Modal operasional merupakan modal yang banyak dikeluhkan responden, karena paling banyak digunakan untuk membeli bahan
baku rayung dan bambu. Berdasarkan Tabel 39 diketahui hambatan modal yang
dirasakan responden di kedua dusun sebesar 13,73 di Dusun Keprekan dan Dusun Dendengan sebesar 26,09. Perbedaan hasil
persentase menunjukkan bahwa hambatan modal lebih tinggi dirasakan responden di Dusun Dendengan dibandingkan dengan responden
Dusun Keprekan. Hal tersebut karena pendapatan dari pemasaran periode sebelumnya yang seharusnya disisihkan untuk membeli bahan
baku kenyataannya lebih banyak dialokasikan untuk memenuhi kebutuhan sehari-hari rumah tangga, sehingga modal untuk melakukan
proses produksi selanjutnya mengalami kekurangan atau defisit. Upaya yang dilakukan responden untuk menutupi kekurangan modal yaitu
meminjam modal pada keluarga, menyimpan uang hasil penjualan periode sebelumnya.
b. Hambatan Bahan baku Bahan baku terutama rayung sering menjadi hambatan dalam
proses produksi, karena jumlah dan harga bahan baku tidak menentu.

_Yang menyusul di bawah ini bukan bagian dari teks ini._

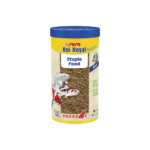 Sera | Food kibble for fish alkwy small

Berdasarkan data Tabel 39, hambatan bahan baku dirasakan oleh 35,29 responden di Dusun Keprekan, dan 21,74 responden Dusun
Dendengan. Persentase tersebut menunjukkan hambatan bahan baku lebih besar dirasakan responden Dusun Keprekan dibandingkan
dengan di Dusun Dendengan. Hambatan yang dialami responden kedua dusun tidak jauh
berbeda, ketika penyuplai rayung datang pada akhir musim harga rayung melambung tinggi dan jumlah yang ditawarkan kecil. Upaya
yang dilakukan responden yaitu membeli rayung sebanyak-banyaknya pada awal musim di bulan Agustus dan September. Jika tidak, pemilik
modal besar akan membelinya dan dijual kembali saat akhir musim dengan keuntungan yang berlipat pengepul.

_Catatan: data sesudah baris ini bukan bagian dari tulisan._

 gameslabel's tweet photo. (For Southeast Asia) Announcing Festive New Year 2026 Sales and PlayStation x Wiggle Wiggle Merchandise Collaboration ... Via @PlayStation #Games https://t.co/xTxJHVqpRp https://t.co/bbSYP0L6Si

c. Hambatan Tenaga Kerja Tenaga kerja juga dirasakan menjadi hambatan pada industri
kerajinan sapu, karena menjadi faktor penting dalam proses produksi dan menentukan produktivitas yang dihasilkan. Data Tabel 39
menunjukkan 31,71 responden
Dusun Keprekan dan 4,35 responden Dusun Dendengan mengalami hambatan tenaga kerja.
Angka tersebut berarti, lebih banyak responden Dusun Keprekan yang mengalami hambatan tenaga kerja dibanding dengan responden Dusun
Dendengan. Hambatan tenaga kerja dirasakan responden ketika ada hajatan di dusun. Penduduk daerah perdesaan mempunyai rasa gotong
royong yang kuat, sehingga ketika ada hajatan atau acara di salah satu
keluarga, maka seluruh masyarakat dusun akan ikut berpartisipasi. Keadaan tersebut akan menghambat kegiatan proses produksi industri
kerajinan sapu, karena mayoritas tenaga kerja merupakan anggota keluarga yang juga berasal dari dusun itu sendiri. Upaya yang
digunakan responden untuk menghadapinya yaitu mencari tenaga kerja upahan dari non anggota rumah tangga dan bukan berasal dari dusun
tersebut. d. Hambatan Pemasaran
Hambatan pemasaran juga dirasakan responden dari kedua dusun. Data Tabel 39 menunjukkan besar persentase dari masing-
masing dusun yaitu 13,73 di Dusun Keprekan dan 43,48 di Dusun Dendengan. Hambatan pemasaran terjadi karena sebagian responden
hanya memasarkan produksi sapu rayung melalui pengepul dengan harga relatif murah, sehingga keuntungan yang diperoleh responden
kecil. Alasan responden memasarkan melalui pengepul karena belum mempunyai pasar di luar. Responden tidak mau terbebani oleh produk
sapu rayung yang tidak laku atau tidak habis terjual ketika dipasarkan sendiri. Walaupun pemasaran melalui pengepul tidak selalu dibayarkan
lunas oleh pengepul. Upayanya yaitu responden mencoba melakukan pemasaran secara mandiri, meningkatkan kualitas, menambah variasi
sapu rayung yang diproduksi dan melakukan promosi kerajinan sapu rayung secara online.